From analyzing earlier opinion polls and economic trends in the West Bank and Gaza Strip, Krueger and Maleckova conclude, "There is little evidence here to suggest that a deteriorating economy or falling expectation for the economy precipitated the latest intifada." They observe, "Protest, violence, and even terrorism can follow either a rising or declining economic tide."

The core of the study entails a comparison of the characteristics of members of Hezbollah (or Party of God), which the U.S. State Department has designated a terrorist organization, with those of the general population of Lebanon. Their analysis indicates that members of Hezbollah's militant wing who were killed in action in the 1980s and early 1990s were at least as likely to come from economically advantaged families and have a relatively high level of education as they were to come from impoverished families without educational opportunities.

Likewise, looking at the Israeli Jewish underground, which conducted numerous violent attacks against Palestinians in the late 1970s and early 1980s, killing 23 Palestinians and maiming many others, the study finds that these Israeli extremists were "overwhelmingly well educated and in high paying occupations."

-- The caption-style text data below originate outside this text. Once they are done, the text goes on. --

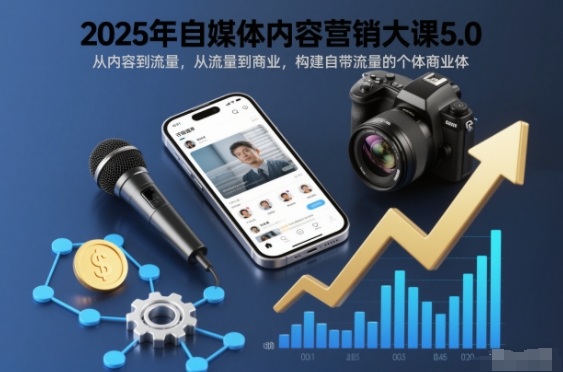 2025年自媒体内容营销大课5.0，从内容到流量，从流量到商业，构建自带流量的个体商业体| 网创圈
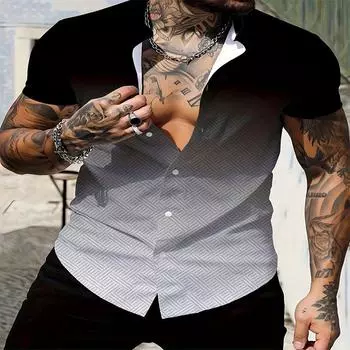 Летняя модная мужская повседневная рубашка с постепенным принтом на пуговицах с коротким рукавом, подходящая для активного отдыха и пляжных развлечений S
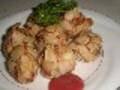 冷凍ムキエビで作った　松かさエビ団子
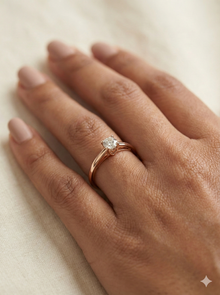 The Rose Gold Solitaire Diamond Ring with Hidden Heart Detail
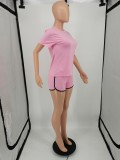 Solid Sports T Shirt And Shorts Two Piece Suits YIM-202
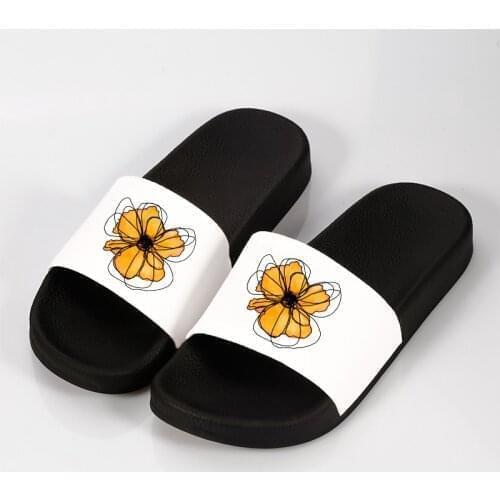 2021 Ladies Shoes Fashion Home Slippers Flat Flip Flops Woman Slides Flowes Pattern Open Toe Non-slip Sandals Female shoes 41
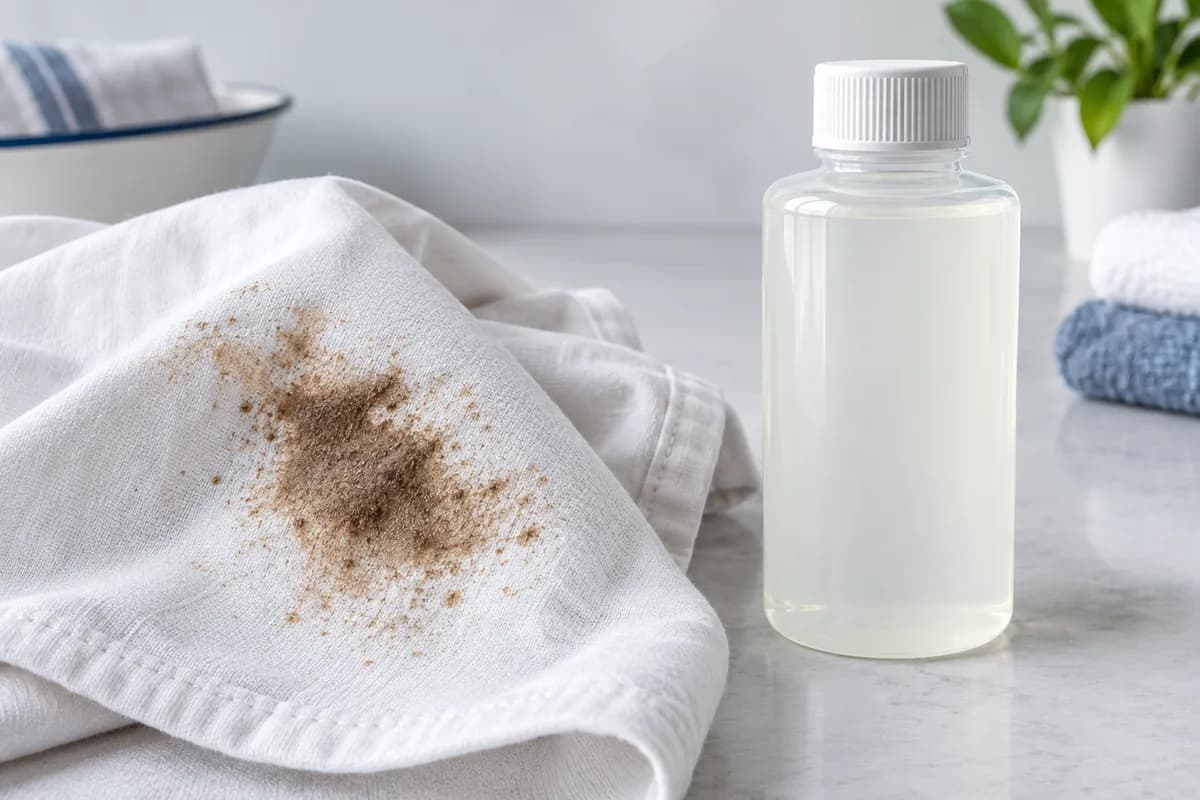 A stained fabric sample beside a closed treatment bottle.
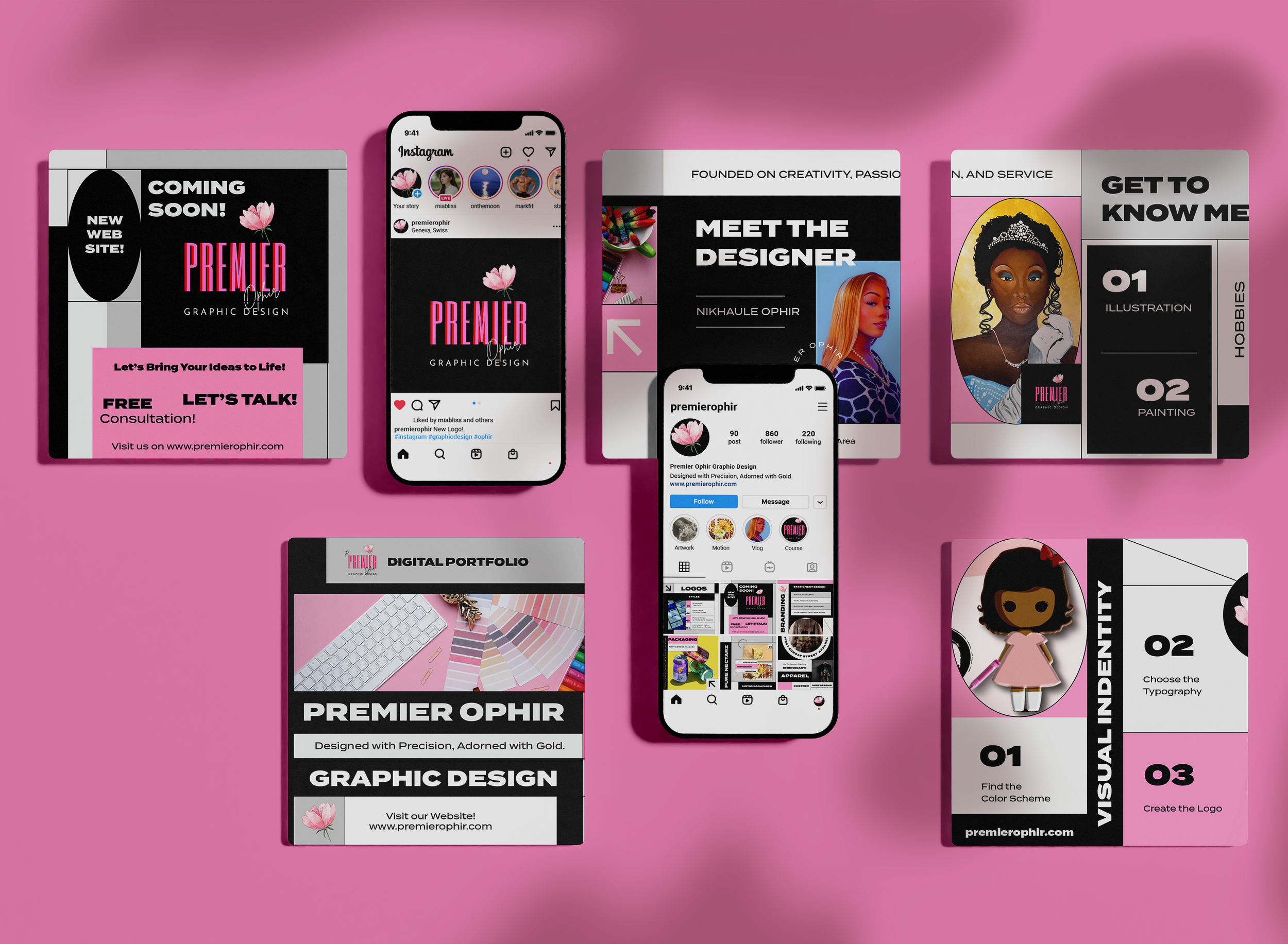 Collection of branding and social media graphics for Premier Ophir design business featuring website previews, brand elements, and typography.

Economists have found a link between low incomes and property crimes. But in most cases terrorism is less like property crime and more like a violent form of political engagement, the authors suggest. "More educated people from privileged backgrounds are more likely to participate in politics, probably in part because political involvement requires some minimum level of interest, expertise, commitment to issues and effort, all of which are more likely if people are educated and wealthy enough to concern themselves with more than mere economic subsistence," they write. And terrorist organizations may prefer to use highly educated individuals as operatives because they are better suited to carry out acts of international terrorism than are impoverished illiterates since the terrorists must fit into a foreign environment to be successful.